L’agriculture « peu engagée » vers le bas-carbone

Dans son rapport annuel publié le 8 juillet, le Haut Conseil pour le Climat (HCC), instance indépendante et consultative, estime que l’agriculture « n’est pas structurellement engagée sur une trajectoire garantissant l’atteinte de ses objectifs à l’horizon 2030 » en matière d’émissions de gaz à effet de serre. Citant les données récemment publiées par le Citepa, les experts du Haut conseil soulignent que les émissions agricoles n’ont baissé que de 1 % par rapport à 1990, contre un objectif fixé par la SNBC de 26 % à l’horizon 2030. Espérant concilier revenu des producteurs et lutte contre le réchauffement, le HCC propose quatre mesures structurelles : valorisation du stockage de carbone dans les sols, développement d’une stratégie pour les protéines végétales, généralisation des bonnes pratiques en élevage, et révision de l’affichage des produits alimentaires.
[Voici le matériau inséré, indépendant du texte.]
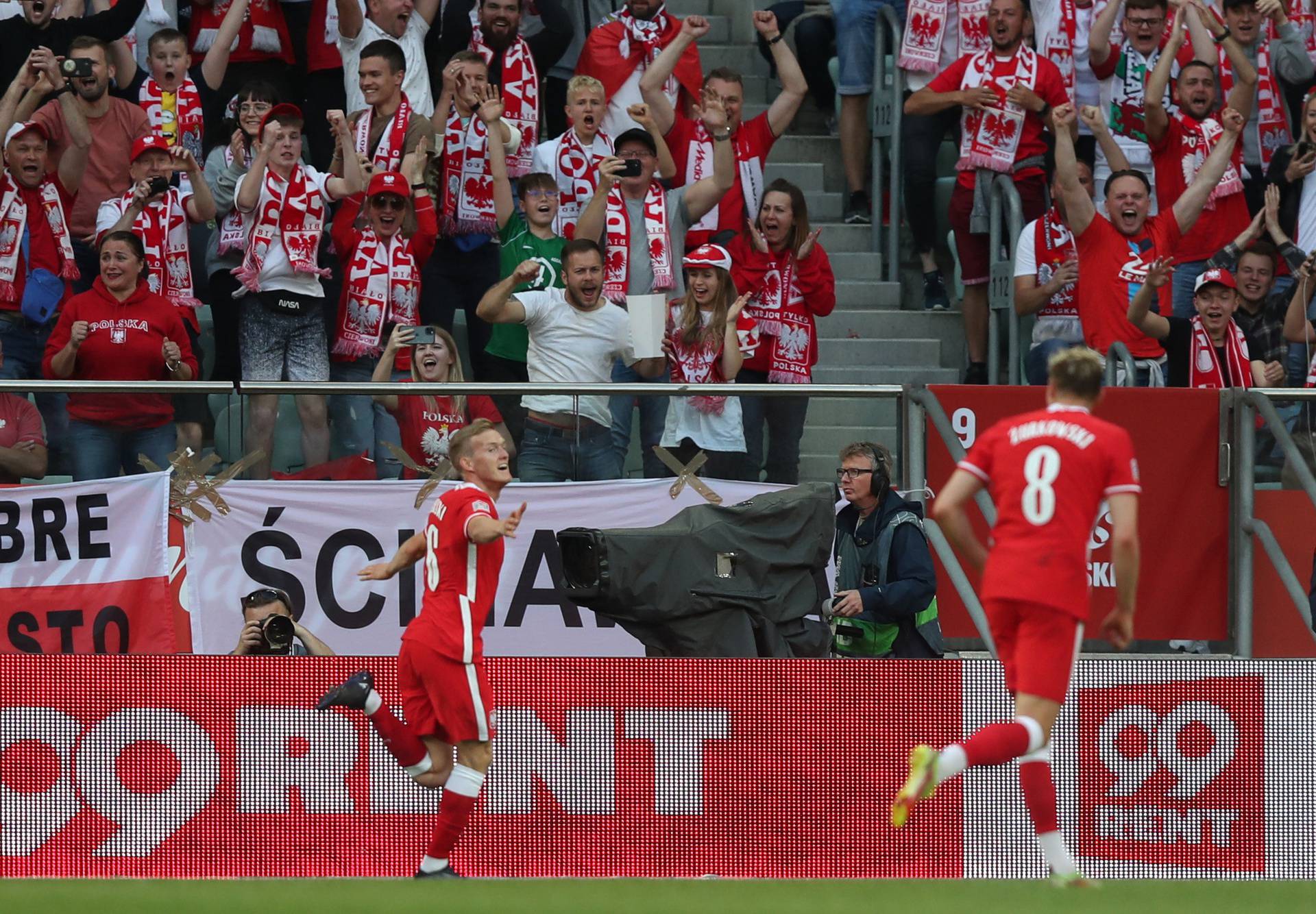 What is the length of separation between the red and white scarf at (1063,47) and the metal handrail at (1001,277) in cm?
152

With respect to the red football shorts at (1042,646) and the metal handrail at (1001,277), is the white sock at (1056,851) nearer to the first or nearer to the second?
the red football shorts at (1042,646)

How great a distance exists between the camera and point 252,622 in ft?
32.1

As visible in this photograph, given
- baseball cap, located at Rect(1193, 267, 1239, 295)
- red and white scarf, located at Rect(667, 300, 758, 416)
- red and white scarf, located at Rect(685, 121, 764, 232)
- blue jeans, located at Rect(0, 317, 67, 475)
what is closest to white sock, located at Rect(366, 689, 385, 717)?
red and white scarf, located at Rect(667, 300, 758, 416)

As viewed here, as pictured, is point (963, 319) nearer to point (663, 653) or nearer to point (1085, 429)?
point (663, 653)

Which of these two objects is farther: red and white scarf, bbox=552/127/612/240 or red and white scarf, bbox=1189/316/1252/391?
red and white scarf, bbox=552/127/612/240

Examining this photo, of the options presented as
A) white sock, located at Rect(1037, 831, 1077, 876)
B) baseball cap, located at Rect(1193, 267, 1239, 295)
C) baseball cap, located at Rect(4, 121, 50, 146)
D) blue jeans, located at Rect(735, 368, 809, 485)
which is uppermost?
baseball cap, located at Rect(4, 121, 50, 146)

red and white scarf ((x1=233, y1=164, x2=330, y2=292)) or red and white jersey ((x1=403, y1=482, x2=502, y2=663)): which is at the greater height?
red and white scarf ((x1=233, y1=164, x2=330, y2=292))

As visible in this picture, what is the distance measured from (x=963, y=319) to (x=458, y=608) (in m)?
6.66

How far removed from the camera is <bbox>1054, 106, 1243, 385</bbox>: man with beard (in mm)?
12828

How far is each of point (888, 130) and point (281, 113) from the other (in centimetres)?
482

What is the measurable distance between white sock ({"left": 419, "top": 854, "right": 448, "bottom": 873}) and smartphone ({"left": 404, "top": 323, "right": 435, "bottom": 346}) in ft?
11.5

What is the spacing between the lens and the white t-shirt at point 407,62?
1352cm

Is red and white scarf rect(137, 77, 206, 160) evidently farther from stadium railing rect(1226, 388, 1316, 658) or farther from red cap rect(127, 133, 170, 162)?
stadium railing rect(1226, 388, 1316, 658)

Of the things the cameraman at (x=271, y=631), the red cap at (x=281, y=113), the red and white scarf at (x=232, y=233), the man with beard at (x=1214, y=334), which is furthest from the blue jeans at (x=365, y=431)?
the man with beard at (x=1214, y=334) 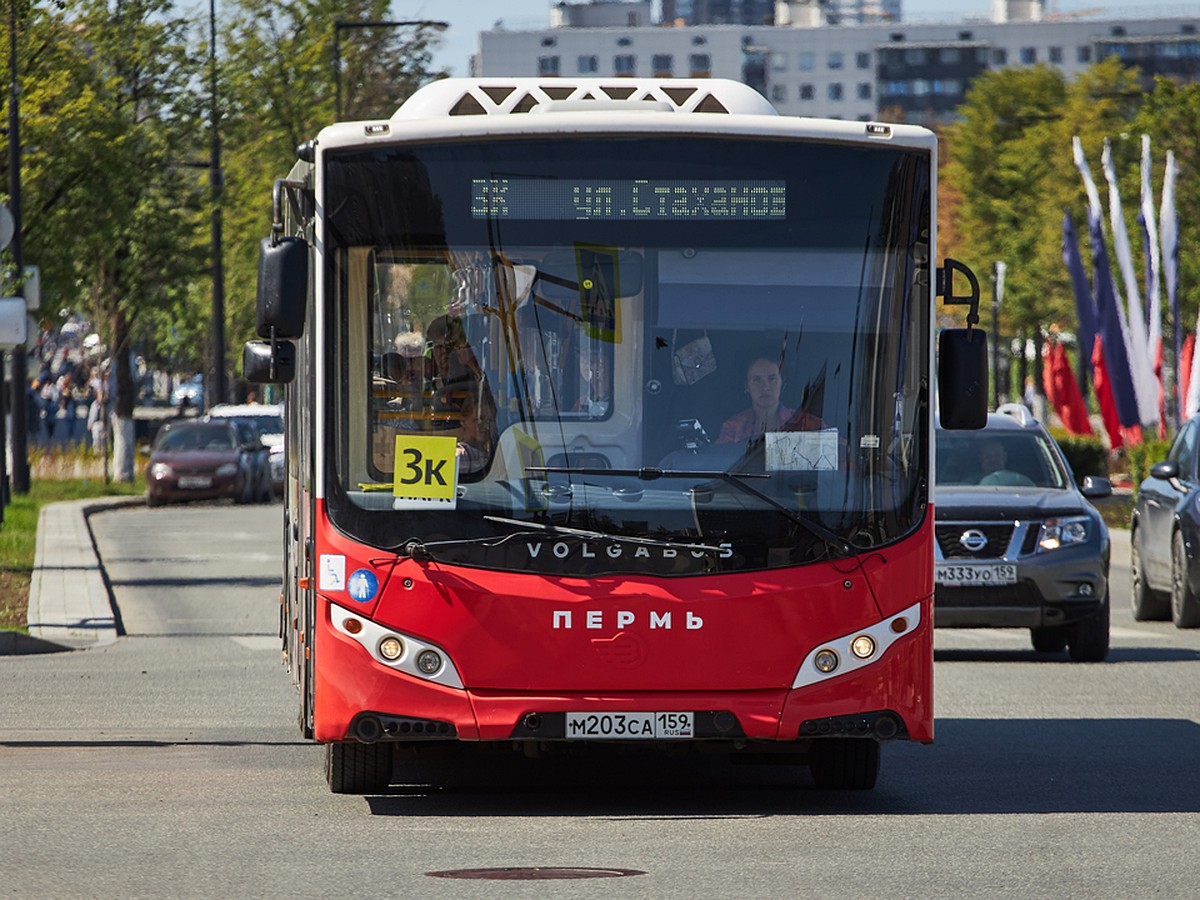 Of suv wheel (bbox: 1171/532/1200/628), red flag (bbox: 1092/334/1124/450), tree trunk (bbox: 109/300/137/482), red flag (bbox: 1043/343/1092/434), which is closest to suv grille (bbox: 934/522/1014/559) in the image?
suv wheel (bbox: 1171/532/1200/628)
Résultats environnementaux exigés

Dans sa proposition de réforme de la Pac, la Commission européenne proposait, fin 2017, de remplacer les actuelles mesures environnementales dites d’obligation de moyens (conditionnalité, verdissement, MAEC), par des éco-regimes qui consacreraient une logique de résultats, portée en France sous le vocable de PSE (paiement pour services environnementaux). Pour assurer la pertinence de ce type de dispositif, les paiements doivent pouvoir se fonder sur des indicateurs fiables, efficaces et contrôlables. Selon que l’on s’intéresse à la réduction des émissions de gaz à effets de serre ou à la protection de l’eau, en passant par la préservation de la biodiversité, les chantiers sont plus ou moins avancés.